Anyway, I've been ignoring most of the last few pages of the thread, but here's some interesting news for the day. There was a time when I would have considered linking to a story on MSNBC to be inherently tilted (and it is anyway), but as much as I hate to say it, I think anyone here who would have been offended by that isn't reading this anyway. More importantly, it's first-hand journalism by an MSNBC personality, so it's not like there's anywhere else to look.
Whatever. Chris Hayes is beefing up his new show, and he managed to score some serious read meat. Namely, a leaked memo between a
lobbying firm and a banking coalition detailing their media plan for discrediting the notion of "Occupy Wall Street" (the name is getting a bit misleading at this point). As it turns out, the banking group claims they rejected the plan, but the key factor of the memo is where it came from and what it says, because it's hard to think this one lobbying firm is a lone voice in the Republican side of the woods. Yes, I said Republican and not conservative, because it has an inherently partisan origin and message.
According to the memo, if Democrats embrace OWS, “This would mean more than just short-term political discomfort for Wall Street. … It has the potential to have very long-lasting political, policy and financial impacts on the companies in the center of the bullseye.”
The memo also suggests that Democratic victories in 2012 should not be the ABA’s biggest concern. “… (T)he bigger concern,” the memo says, “should be that Republicans will no longer defend Wall Street companies.”
Two of the memo’s authors, partners Sam Geduldig and Jay Cranford, previously worked for House Speaker John Boehner, R-Ohio.
The CLGC memo raises another issue that it says should be of concern to the financial industry -- that OWS might find common cause with the Tea Party. “Well-known Wall Street companies stand at the nexus of where OWS protestors and the Tea Party overlap on angered populism,” the memo says.
Wall Street companies “likely will not be the best spokespeople for their own cause,” according to the memo. “A big challenge is to demonstrate that these companies still have political strength and that making them a political target will carry a severe political cost.”
Part of the plan CLGC proposes is to do “statewide surveys in at least eight states that are shaping up to be the most important of the 2012 cycle.”

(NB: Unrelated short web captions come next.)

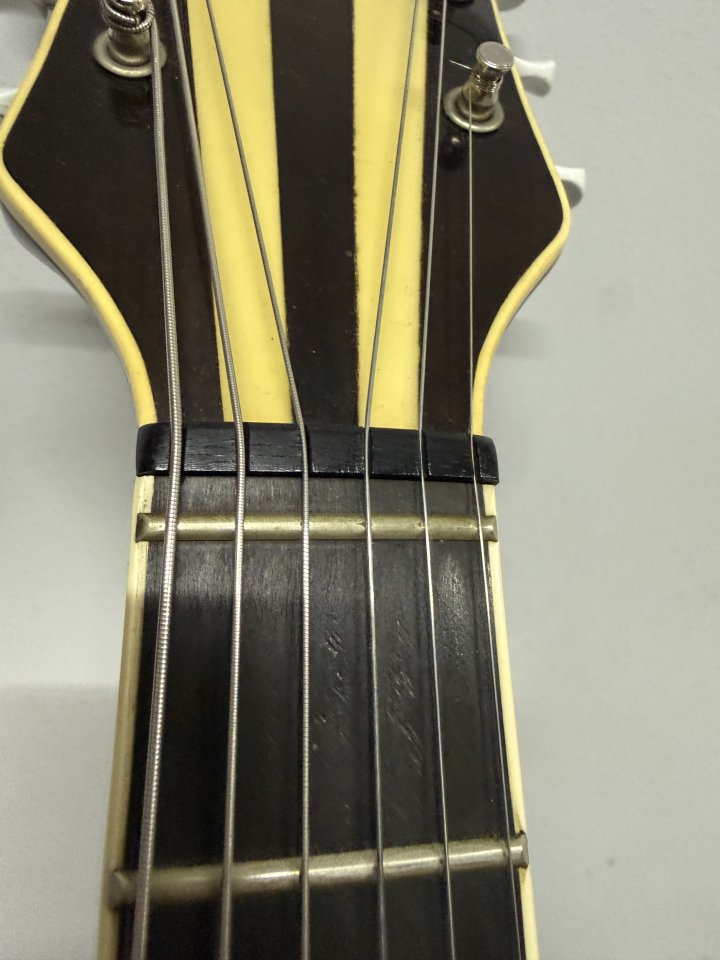 Guitarra archtop Hoyer de segunda mano · Foto 3 de 7 · Alicante · 600 €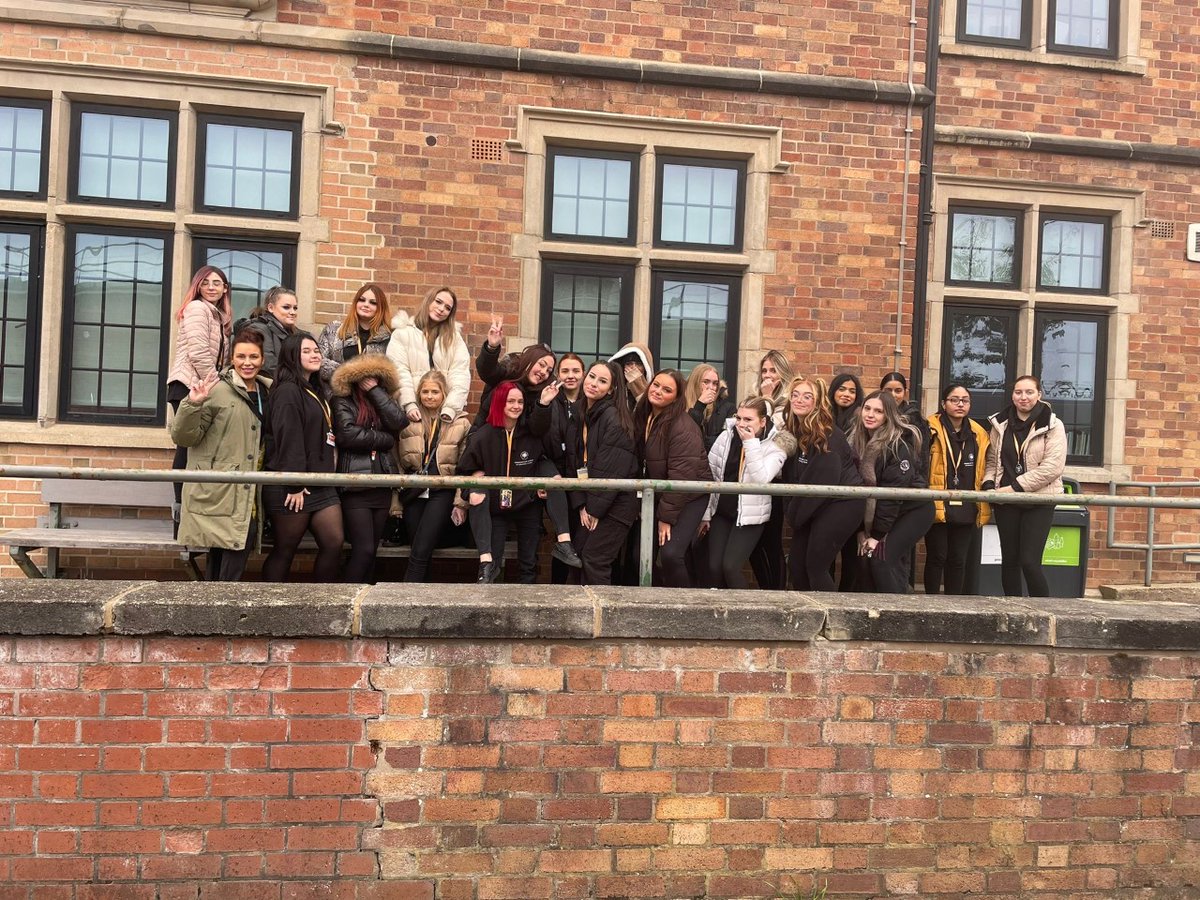 Our extremely talented Level 2 and Level 3 Media Hair and  Make up group worked really hard getting the cast ready for the colleges  Beauty and the Beast Pantomime. 
Oh no they didn't, oh yes they did!!! 
Well done to everyone excellent team work ⭐️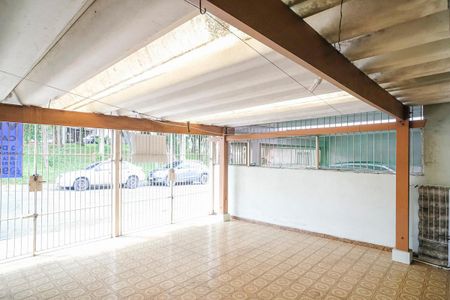 Casa à venda com 159m², 3 quartos e 2 vagasGaragem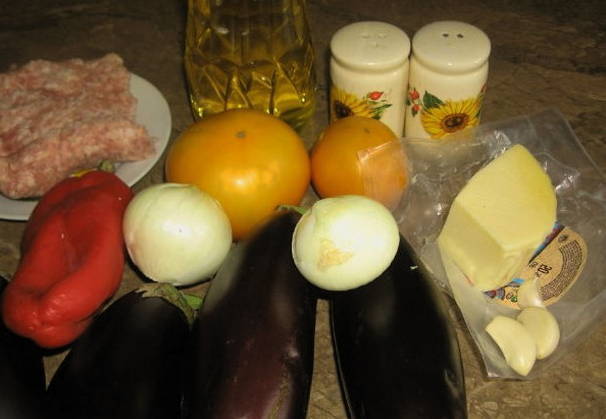 Лодочки из баклажанов с фаршем, сыром и помидорами в духовке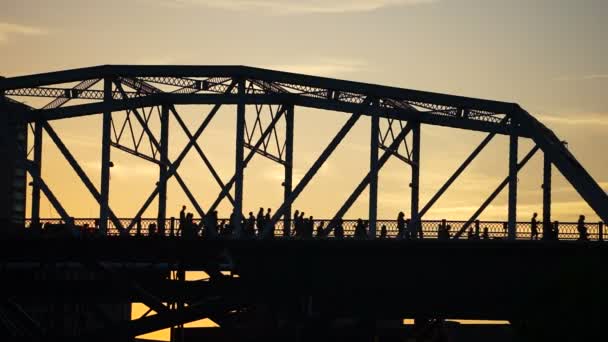 Nashville gångbron människor Cross för att se Country Music Awards — Stockvideo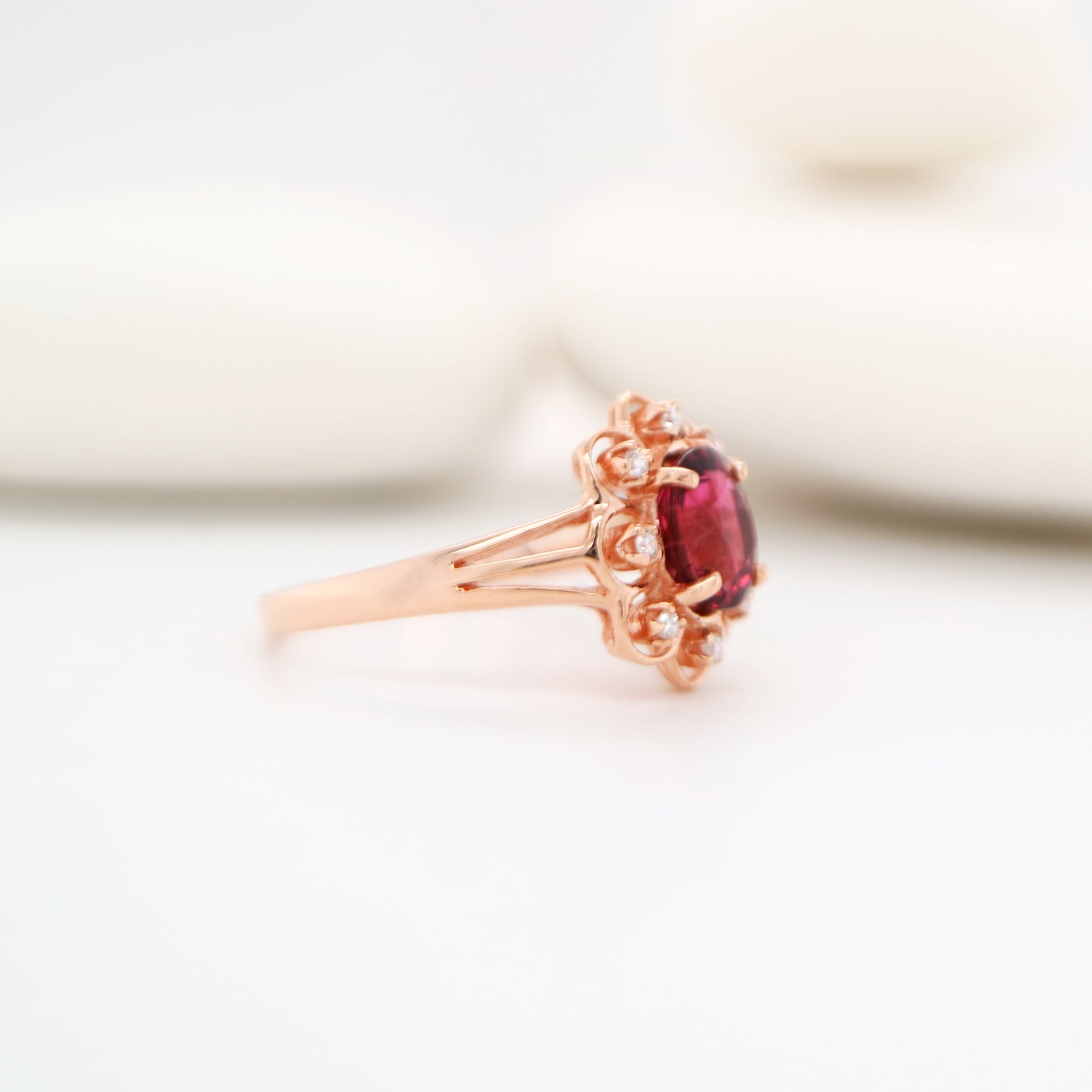 Floral diamond ring with tourmaline center in rose gold, Size P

In other words, a Republican lobbyist is sending unsolicited communication to financial institutions, advising them that their safest way to approach the next election cycle is to lean harder on Republicans and convince Democrats not to capitalize on any popularity (as if they needed telling). If you look around for more of Hayes' reporting on the subject, you'll find things like
Karl Rove gearing a multi-million ad campaign against Elizabeth Warren focused on her taking credit for the Occupy message (from right before Oakland melted down). Reading the whole memo, you'll also find these ad-men talking about how they need to start treating "Occupy" as a political organization rather than an isolated street protest. The import is this: the Republican party's advertising brain trust is taking Occupy Wall Street seriously. Know yourself by your enemies - when you've made an enemy of Karl Rove, you're in the big leagues.

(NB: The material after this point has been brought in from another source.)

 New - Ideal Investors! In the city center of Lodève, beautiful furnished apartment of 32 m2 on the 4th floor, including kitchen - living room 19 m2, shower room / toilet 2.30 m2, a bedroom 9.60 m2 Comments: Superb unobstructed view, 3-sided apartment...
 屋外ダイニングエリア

And as long as I'm talking about Chris Hayes, he made an interesting point in an interview today. If Michael Bloomberg wanted to silence OWS, all he really had to do was wait them out. Let it get cold, let them get tired, make them think no one is listening. By sending in some of the largest policing operations the city has seen since the 1970s, it tells the OWS people that they have a voice. It gives them a rallying point, and draws new membership, attention, and tangible support.

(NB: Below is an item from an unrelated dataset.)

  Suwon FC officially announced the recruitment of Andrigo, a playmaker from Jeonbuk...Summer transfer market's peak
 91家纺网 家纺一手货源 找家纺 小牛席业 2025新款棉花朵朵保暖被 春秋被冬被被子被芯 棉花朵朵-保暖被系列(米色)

But more than any of that, it's dangerous for everyone OWS is mad at, namely the wealthiest movers and shaker in the country and the political system that protects them from economic reprisal. Because when people see a thousand NYPD officers arresting people en masse and deliberately smashing their property, or images like UC Davis with police in riot gear
pepper-hosing people huddled on the ground like they're watering plants, it raises a question in the mind of the average person who goes through life trying not to weigh themselves down with arguments like this. It begs them to ask, why would society's big institutions commit this level of force to roughing up a bunch of impotent incoherent shlubs doing nothing more threatening than taking up space?
And it plants the idea - What are they afraid of? Why are monied interests and some governments so concerned about something this harmless? Suddenly those shlubs in the street seem a lot more coherent, their arguments start to gain weight, and a person starts gnawing at the idea that maybe, just maybe, the social contract really is bankrupt. And they start listening for those shlubs to give them an option.